Tüzüksel süreçlerin engellendiği iddiası
57 Alevi Kültür Merkezi’nin usulsüzlüklerin araştırılması için olağanüstü seçimli genel kurul talep ettiği, ancak yönetimin bunu hukuka aykırı şekilde işleme koymadığı belirtildi.
18 Ekim 2025 Frankfurt Genel Kurulu’nda delegelerin söz hakkının engellendiği, denetim raporlarının tartışılmasının önlendiği ve usulsüzlükleri dile getiren üyelerin susturulduğu iddia edildi.
Kurul açıklamasında AABF Genel Başkanı Hüseyin Mat’ın, delegelere yönelik “Bu iş bitmiştir, 57 AKM nereye gidiyorsa gitsin” sözlerinin “kurumsal sorumluluktan kopuşun en açık göstergesi” olduğu savunuldu.
Suç duyurusu: “Hedef AABF değil, usulsüzlük yapan yöneticiler”
AABF’nin yasal şeffaflık yükümlülüğünü yerine getirmediğini belirten Merkez Disiplin Kurulu, “Belgelerin gizlenmesi, denetimin engellenmesi ve hesap verilmemesi nedeniyle süreç yargıya taşınmıştır” dedi.
Açıklamada suç duyurusunun AABF’ye karşı değil, kurumun şaibelerden arındırılması için 15. Dönem Yürütme Kurulu üyeleri hakkında yapıldığı vurgulandı: “AABF bizim göz bebeğimizdir, onurumuzdur.

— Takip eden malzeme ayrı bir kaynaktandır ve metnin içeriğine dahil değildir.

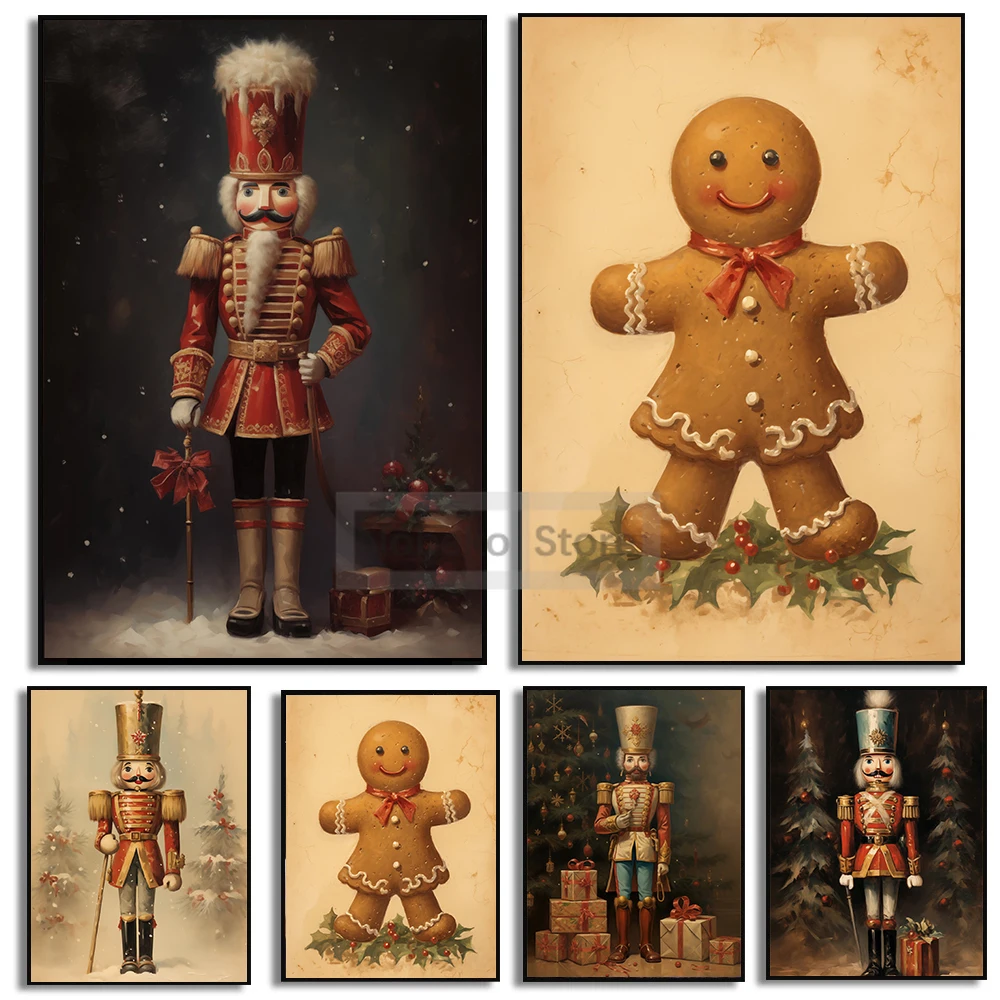 Vintage Christmas Nutcracker Gingerbread Man Posters Christmas Festive Holiday Prints Canvas Painting Wall Art Home Room Decor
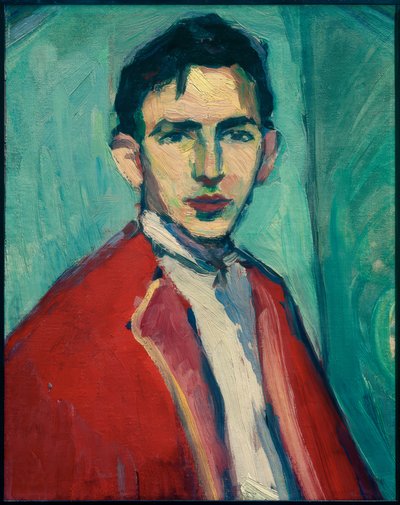 Self-Portrait with Red Jacket by Hermann Stenner
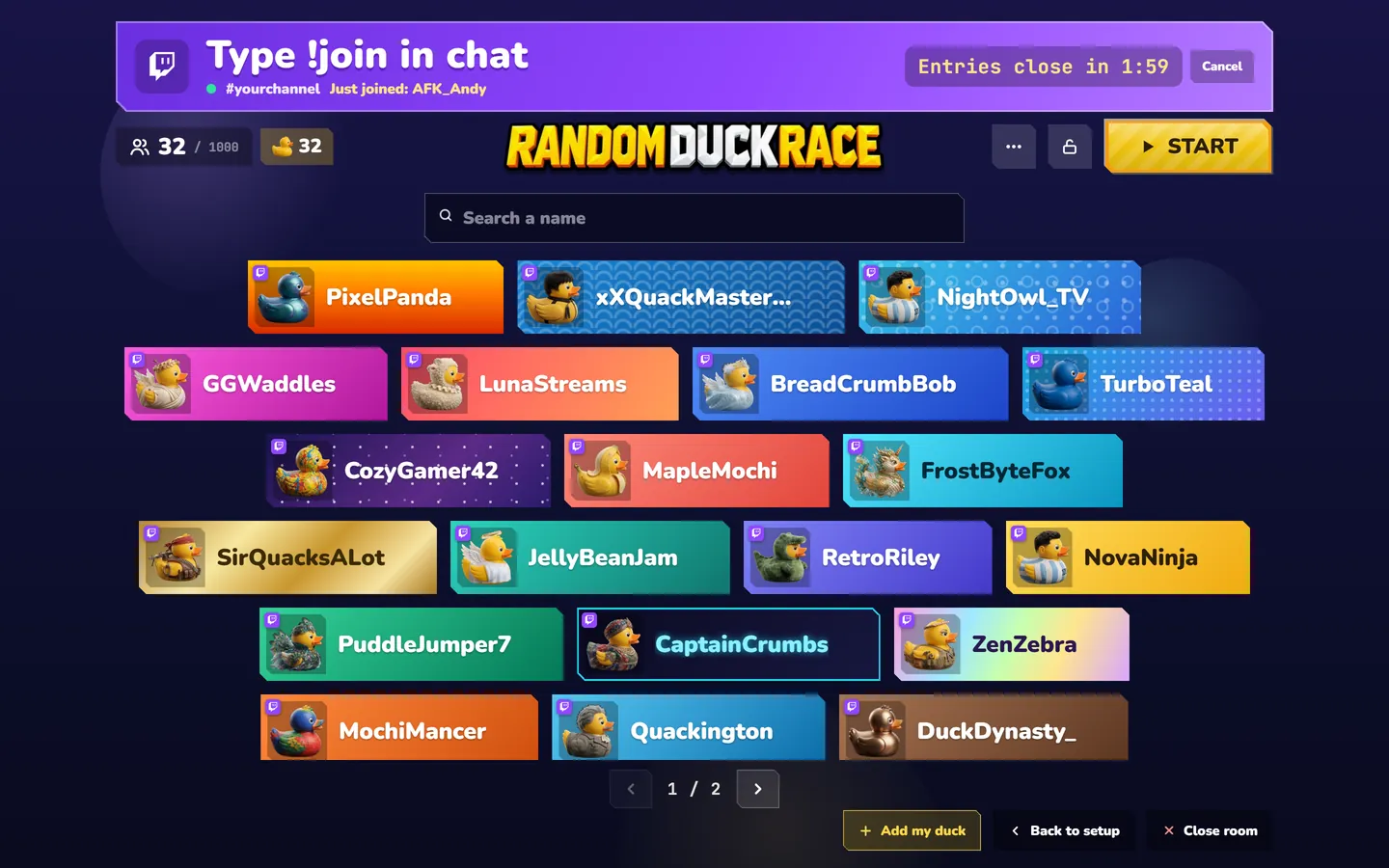 Random Duck Race screenshot, the stream lobby: Every viewer who types !join gets a card on stream, with the entries closing on a countdown.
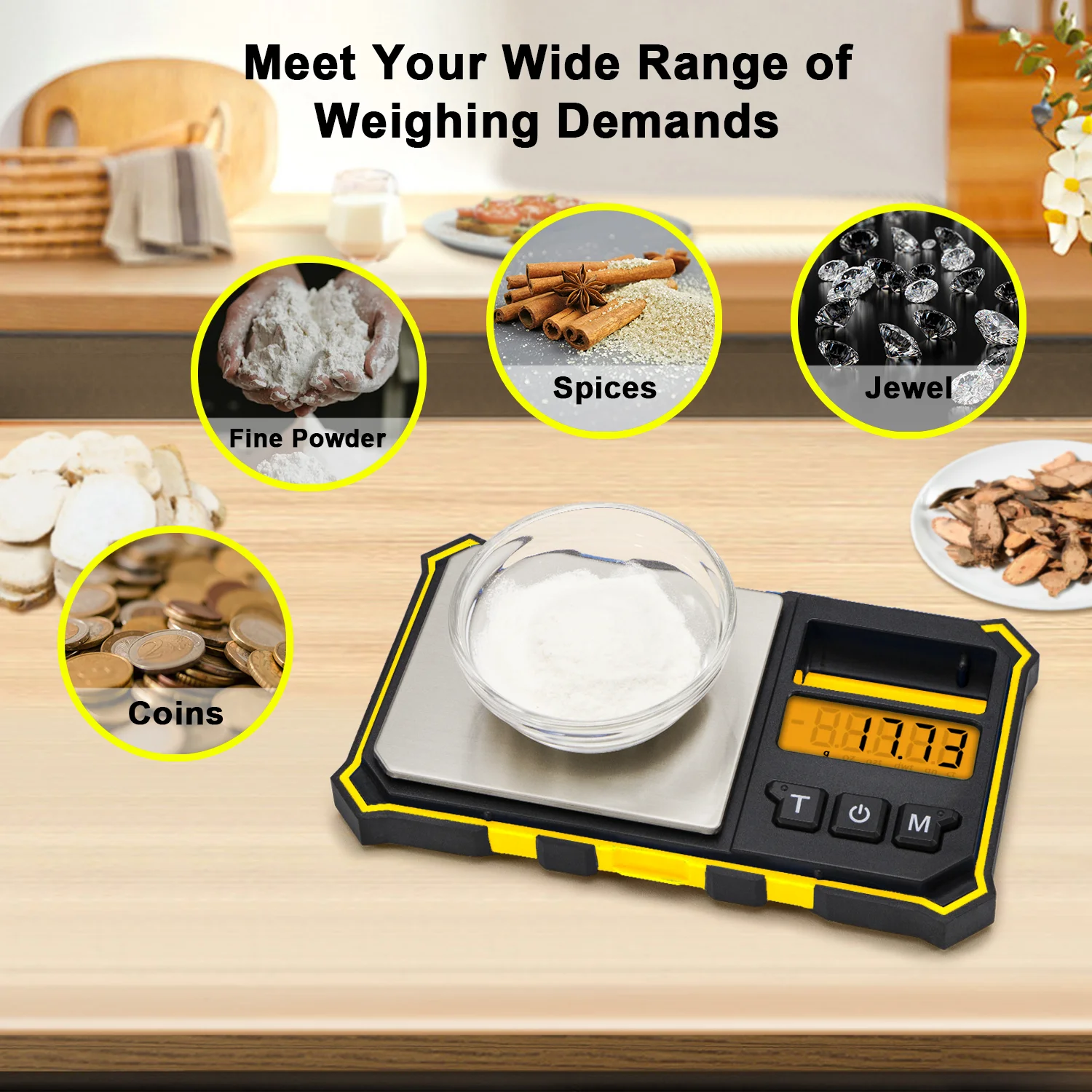 Travel Digital Pocket Scale 200g/0.01g Digital Gram Scales Mini Food Scale with 50g Calibration Weight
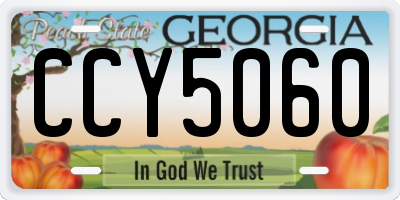 GA license plate CCY5060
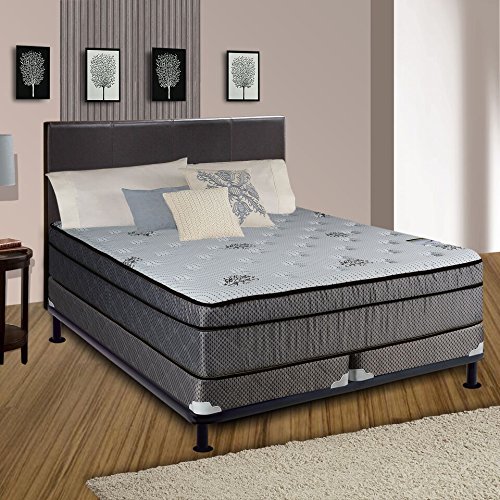 Continental Sleep Soft Foam Encased Hybrid Eurotop Pillowtop Innerspring Mattress And 4" Low Profile Split Wood Traditional Box Spring/Foundation Set, Queen, Qween #TOP24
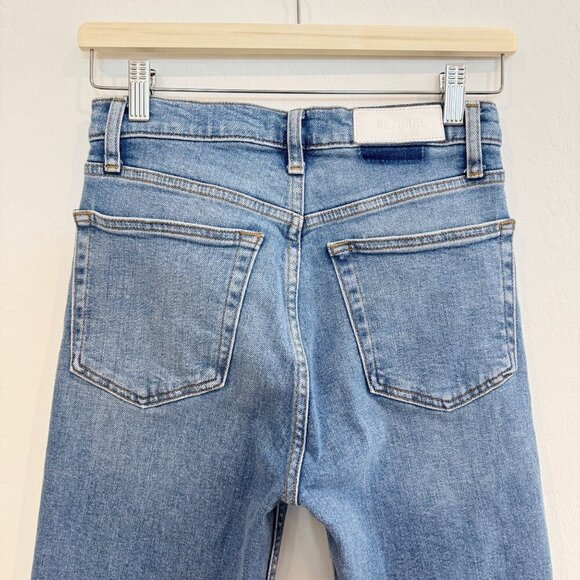 Re/Done Denim 70s Stove Pipe Button Fly Distressed Hole High Rise Jean Casual 27 - Picture 10 of 12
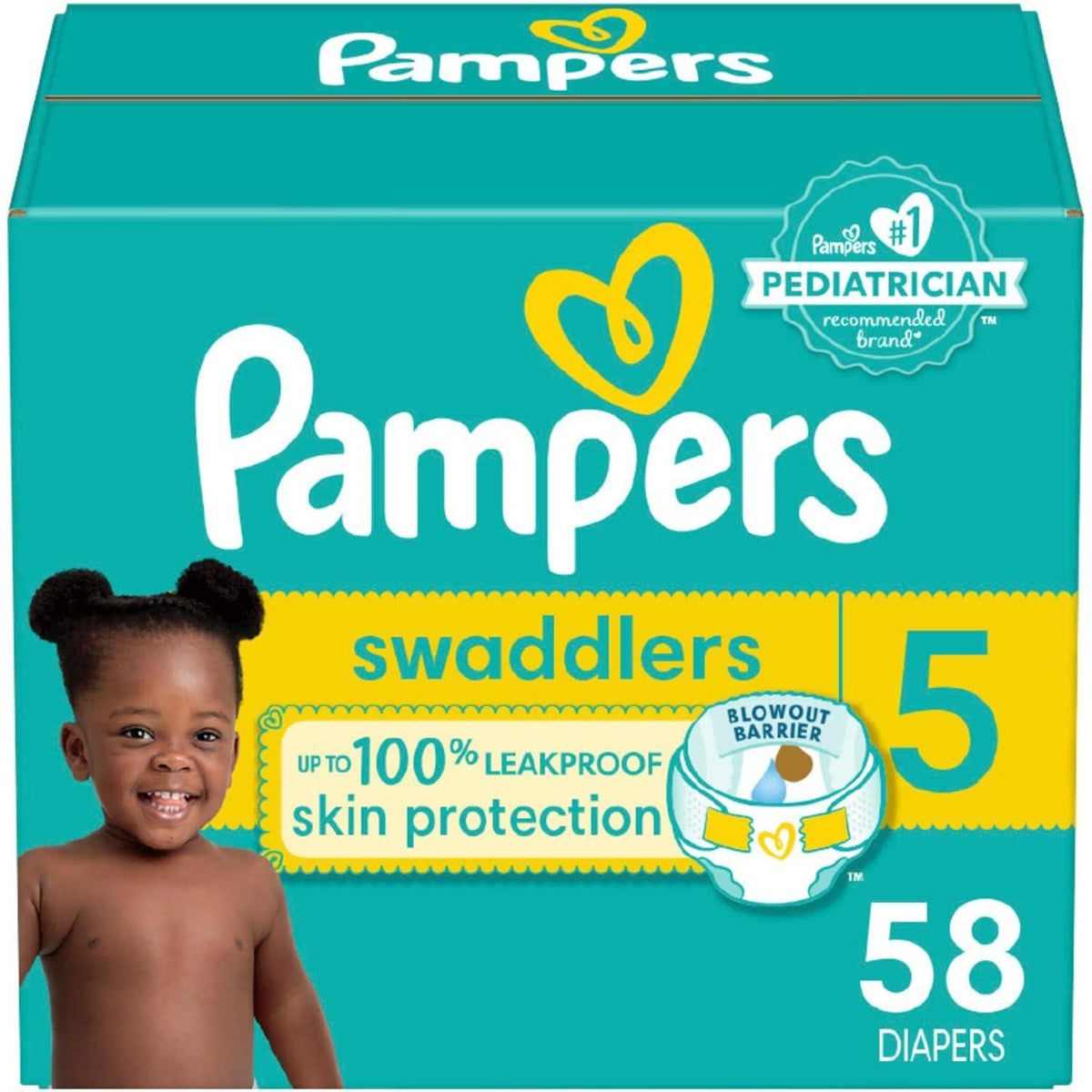 Pampers Swaddlers Diapers - Size 5, 58 Count, Ultra Soft Disposable Baby Diapers,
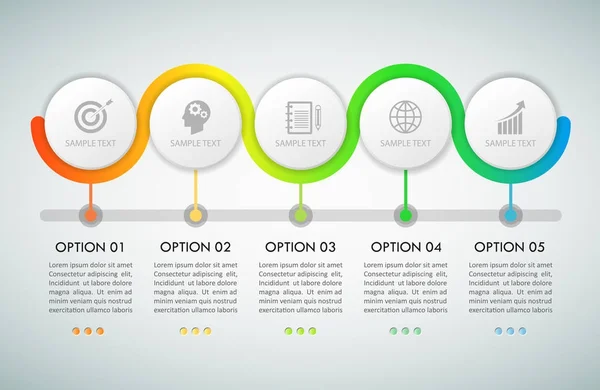 Modello infografico di concetto di business della timeline , — Vettoriale Stock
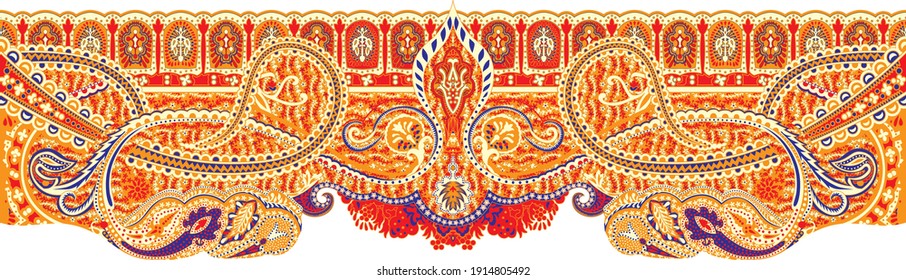 Traditional Paisley Border. Textile Design Red or Fabrics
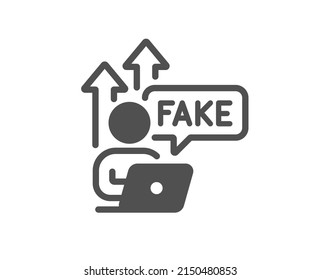 Fake Internet Symbol. Web-Propagandazeichen. Falsches Wahrheitssymbol. Klassische Wohnfläche. Qualitätsdesign-Element. Einfach gefälschtes Internet-Symbol. Vektorgrafik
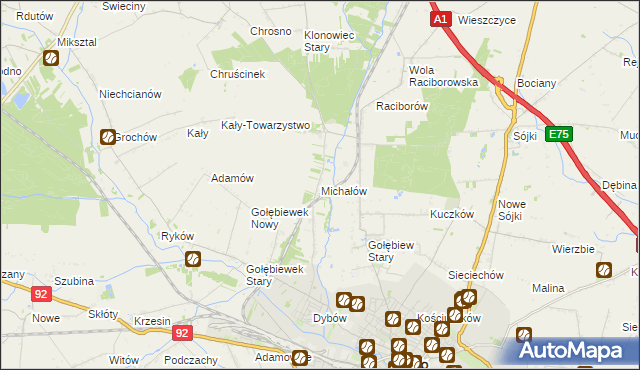mapa Michałów gmina Kutno, Michałów gmina Kutno na mapie Targeo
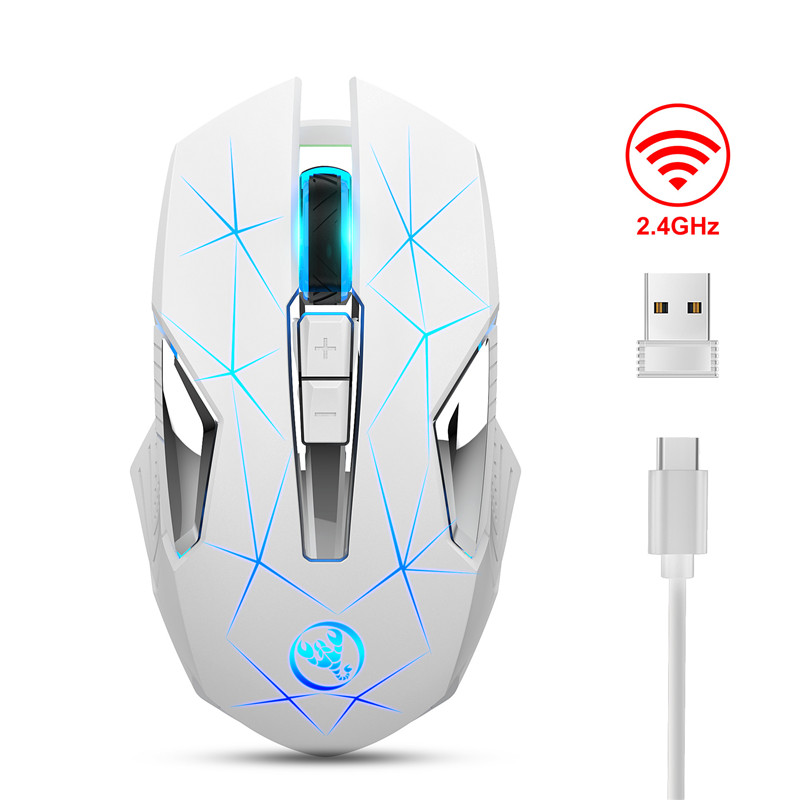 HXSJ 2.4G Wireless Mouse Ergonomic Mouse 2400 DPI Optical Mouse RGB BackLight Mute Gaming Mouse Mice For PC laptop Gamer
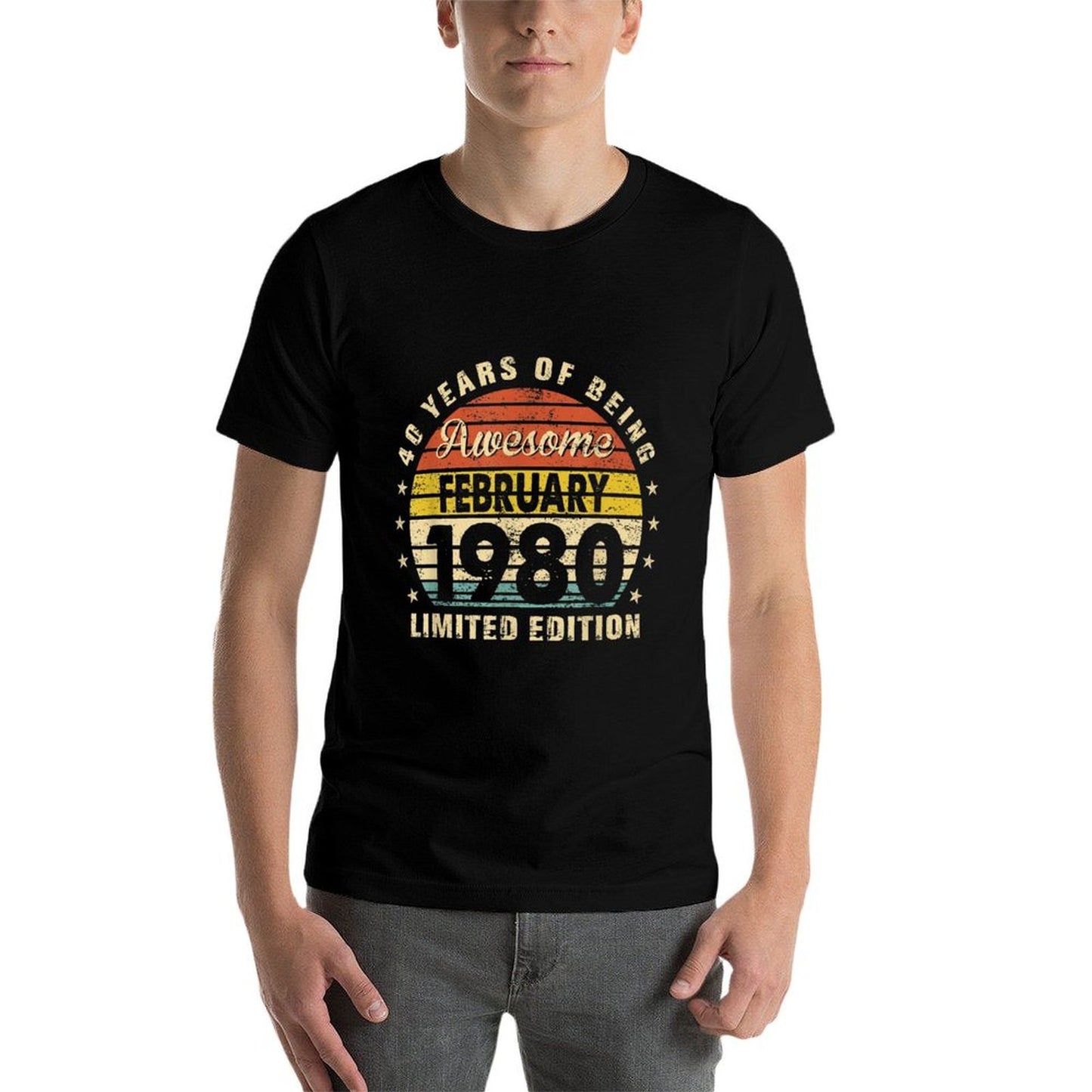 Born February 1980 Limited Edition Bday Gifts 40th Birthday  Rolled Sleeves T-Shirt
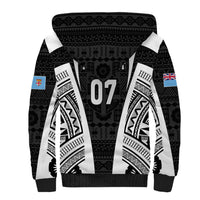 Personalised Fiji Rugby Sherpa Hoodie 2023 World Cup History Makers - Black Ver - Wonder Print Shop
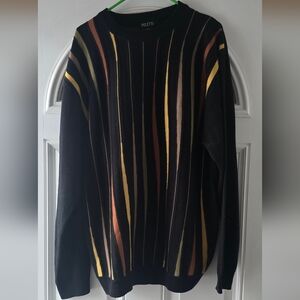 Vintage Grandpa-Core Crewneck – Peletti 90s Black Striped Oversized Sweater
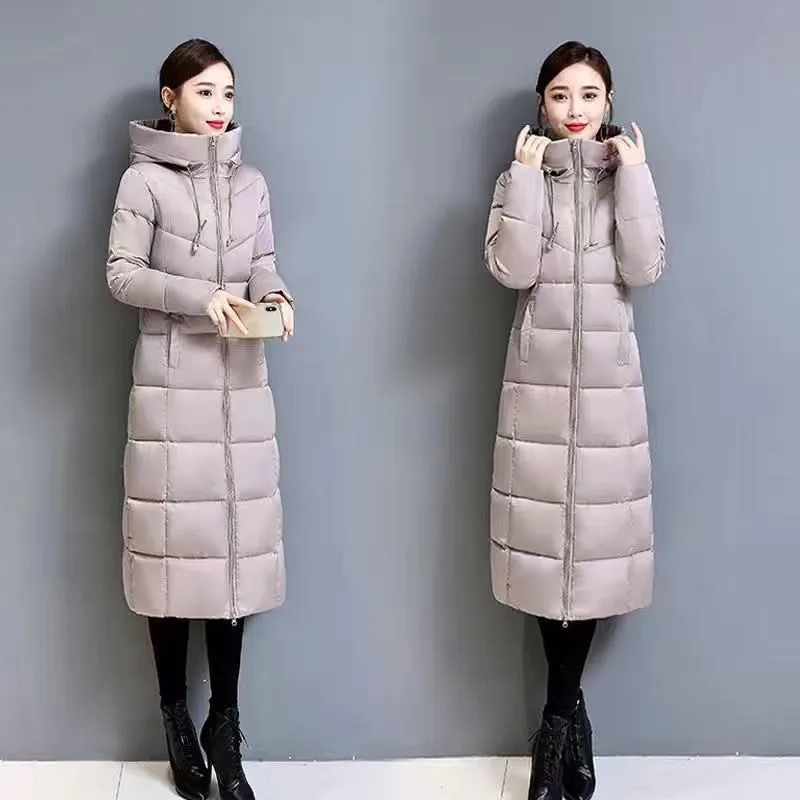 

High Quality Autumn Winter Design Women's Cotton Slim Zipper Coat Hooded Jackets Coats Overcoat Down Parkas Black Red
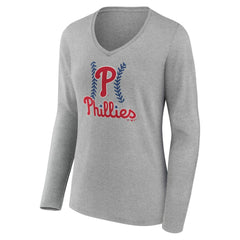 Philadelphia Phillies Women's Personalized Name & Number Fastball Long Sleeve V-Neck T-Shirt - MLB T-shirts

Korumak ve kollamak hepimizin görevidir.”
“Şeffaflık olmadan rızalık olmaz”
Disiplin Kurulu, hukuki sürecin AABF’nin geleceği için zorunlu olduğunu belirterek şu ifadelerle açıklamasını tamamladı:
“Denetimden kaçan hiçbir yapı Alevi toplumunu temsil edemez. Kamu parasının hesabı verilmeden kurumun itibarı korunamaz. Hesap sormak bölücülük değil; kurumsal sorumluluktur.”
Açıklama, AABF içindeki gerilimi daha da derinleştirecek bir gelişme olarak değerlendiriliyor.